Beyoncè really has you thinking you’re sexy as hell, until you remember that you’re not. I’m good with it though. Just think about it – Bey has SO much beauty-fierceness-power-realness and yes – sex appeal – that she makes you think – almost believe – that YOU have Yoncè appeal too.

She be making you wanna drop all that sexy on someone – but then I remember I have no one to drop it on. Then that’s about the time I remember I’m not Yoncè.

Well dang.

But it’s all good, cause plenty of artists have sex appeal and plenty of albums talk about sex and plenty of videos sell sexy – BUT – this album truly delivers what I believe most women want – regardless of what they say or exude: everything. The husband. The baby. The career. The house. And incredible, breath stealing, and frequent rocket-till-waterfall sex.

Beyoncè just proved it possible. And it’s spoken with such honesty that it’s hard for even a bitter, logical butthole like myself to refute it in even the slightest way.

She opened up a new chapter in life.

Maybe it’s because each of her albums covered a phase of my life. I was a gapped tooth kid for Dangerously In Love. I was an overly confident brat for Bday. I was an awkward bloomer for I Am…Sasha Fierce. I was preparing to leave Nebraska for 4. And now I’m attempting to actualize my dreams for BEYONCÈ.

I thank her for being my soundtrack.

But I’m mad as hell that she just slid this mess at us like that.

I didn’t just need physical, mental, emotional, and spiritual preparation for that stuff – I needed financial preparation as well! THERE WAS NO PREPARATION!

I didn’t even get to change my clothes before I found out. We barely got any sleep that night before freezing to death for hours (hence the dying toe).

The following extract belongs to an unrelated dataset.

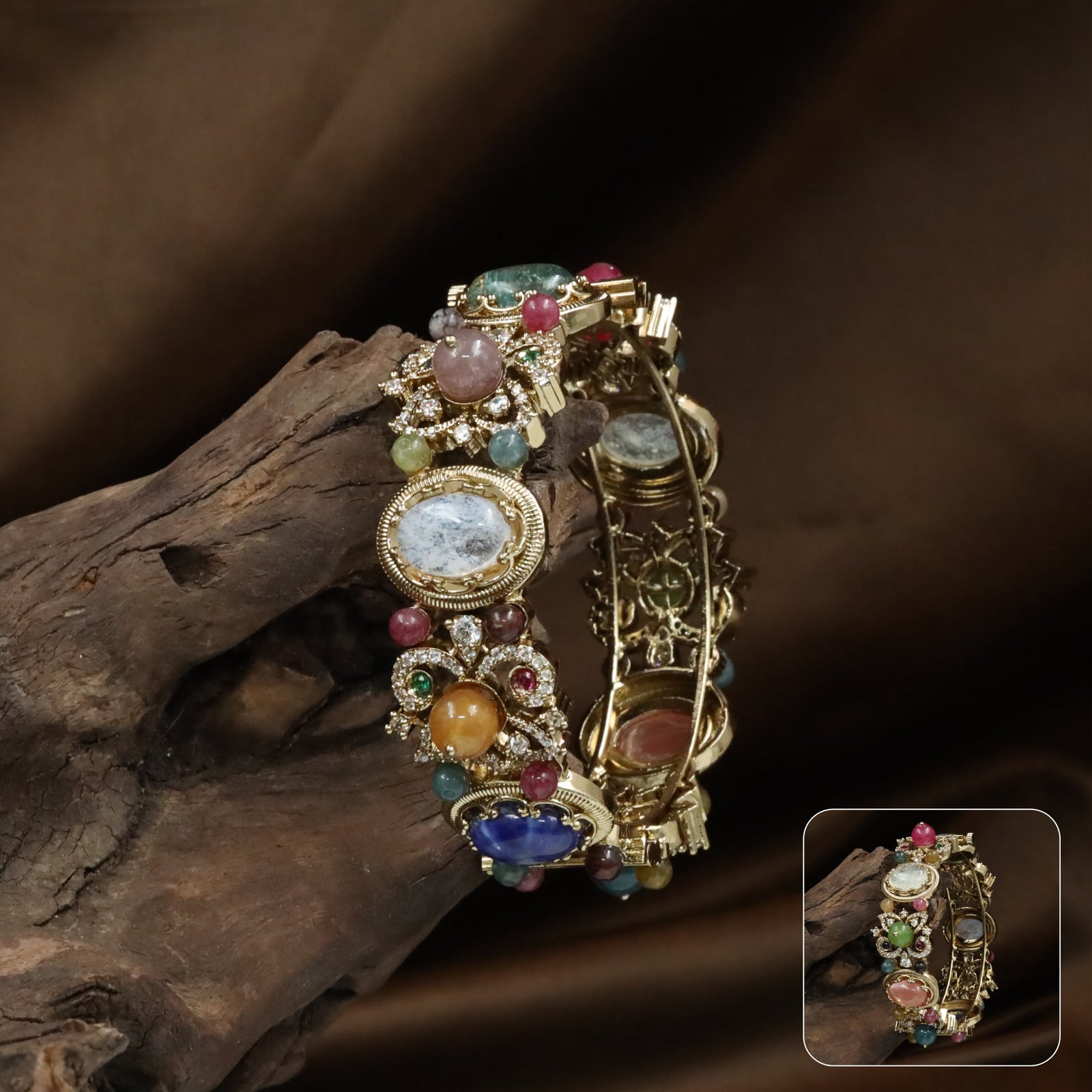 Cluster Kundan Bangles with Structured Units and Embedded Detailing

This morning I had to get up and go to work trying not to sing “iiiiiiiiiiii can’t WAAAAAIT TILL IIIII GET HOME SO YOU CAN TURN THAT CHERRY OUT!” like I don’t work in the children’s department of a clothing store. I didn’t have enough time during my 15 minute break to look at all the texts and tweets and Facebook messages and Instagram comments blowing up my phone about the mess that happened. I had to somehow explain to my parents what the concert was like and excuse myself for missing my Grandma’s calls (sorry Ma, but you sort of understand now – right?)

I haven’t even finished Christmas shopping and I’m already concerned about affording another concert trip next year – AND WHERE TO FIND $15.99+TAX FOR THE PHYSICAL ALBUM RELEASE! DANG BEY! YOU JUST GONNA SEND SOMEONE TO ME WITH A COPY OF THE ALBUM RIGHT AS I’M ABOUT TO GO TO THE BANK TO MAKE A DEPOSIT IN MY SAVINGS?? MY SAVINGS BEY?? THAT’S FOR MY LIFE!

Many people do not understand the love for this women and the music and the entire team that makes it  work the way it does – and I understand the ignorance. This excitement is completely illogical. It’s unnecessary. It’s expensive.

But life is short. And illogical. And unnecessary. And hella expensive.

This is the stuff that reminds you there are some things worth enjoying on this miserable planet.

So I’m gonna replay this album again and go back to working on the new blog design.